One of the largest palatial structure in the world, The Forbidden City is definitely a reflection to China’s past grandeur once home to Ming and Qing dynastic Emperors since it’s first creation in the 15th century. The former Imperial city today the palace Museum epitomizes the supremacy of imperial power – a city within a city with secular and military architecture covering 74 hectares of land surrounded by more than 50 metres wide moat encompassing some majestic halls, entrance gates and royal pavilions. Like many great dynastic lineages that of the Forbidden City somewhat reminds me of the great Ottoman empire and the creation of the fabulous Topkapi palace in Istanbul. It might not be as gigantic as that of the Forbidden City, but political intrigues and stories of the inner chambers relating to eunuchs, princes and princesses are as impressive. One of the stories I enjoyed reading about Topkapi and the Ottoman splendours is perhaps that of Noel Barber’s historic novel “Lords of the golden Horn”. Rebellion, conspiracy and assassinations are part of life within the palace wall of the Forbidden City, from its founding till the last rulers. One story tell of the last Ming emperor Chongzhen who hanged himself on Jingshan Hill the imperial garden following the capture of the city by Li Zicheng, leader of the pheasant rebels. Another story which has been often fictionalized in novels is that of the rise of the royal concubine Cixi to the height of becoming the Empress Dowager, the Opium wars, the Taiping rebellion and the Boxers or the sad story of the “royal prisoner” Pu Yi the last Qing emperor who abdicated in 1922. The palace grounds is spacious and walking around the city do give you that feeling of magnificence with long walks from one pavilion to another. The pavilions are elegantly designed and so is the overall structure of the palatial complex requiring hundreds of craftsmen to build the city, laying the grounds for palatial constructions each conveys to its particular imperial symbolism based on numerology and traditional colours ranging from black, red, yellow, green and white.

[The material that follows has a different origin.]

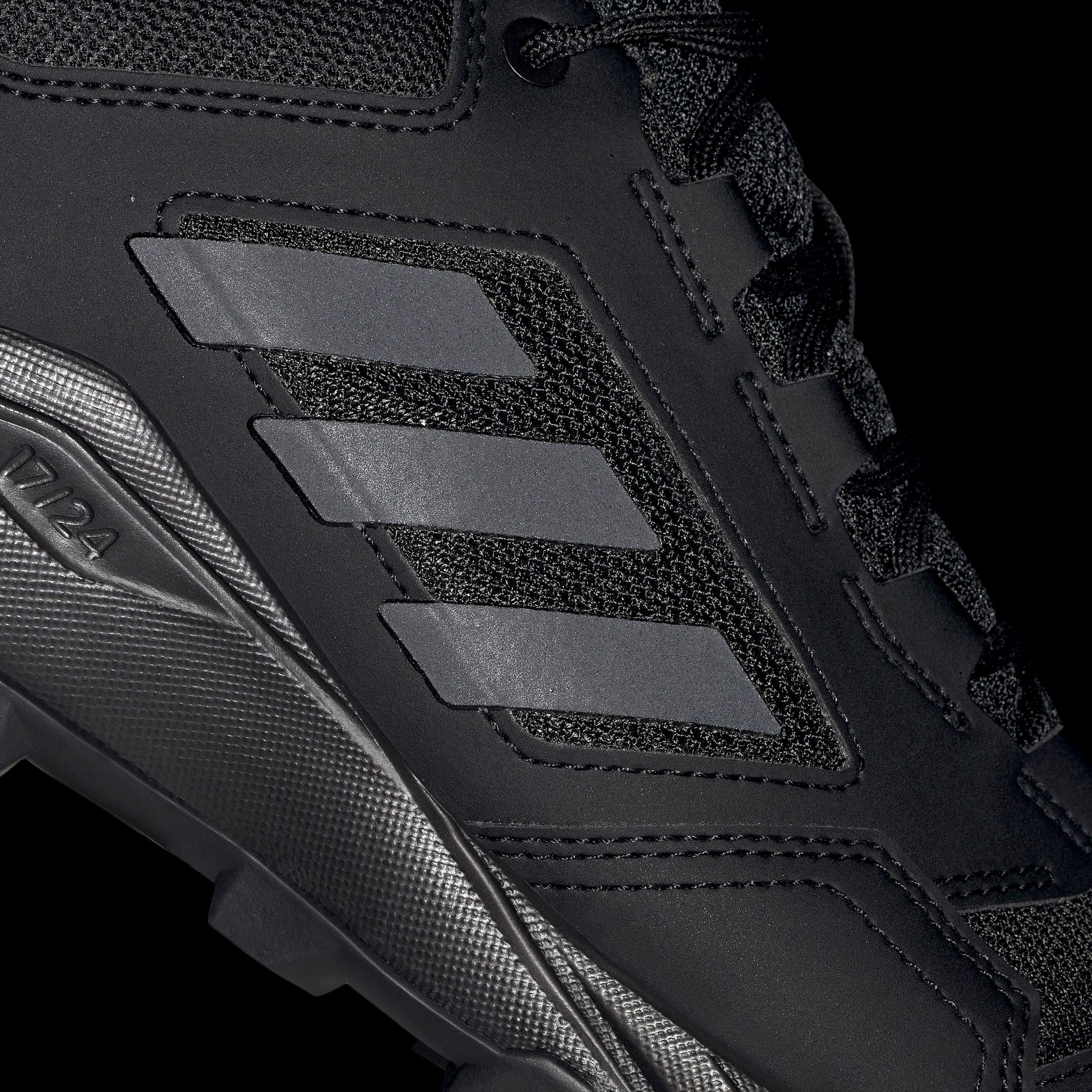 adidas TERREX Trailrunningschuh »TRACEROCKER 2.0 GORE-TEX TRAILRUNNING«, wasserdichte Trailrunningschuhe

The enigmatic and imposing Forbidden City
My visit continues while admiring some beautifully carved lintels decorating red gold coloured gates enhancing royal pavilions.
The Forbidden city is truly a maze of some impressive buildings and gardens – silent witnesses to the glorious past of emperors and empresses of China.
After some hours lingering within the fabulous walls of the Forbidden City, I left the palace through the famous eastern glorious gates facing Tienanmen square.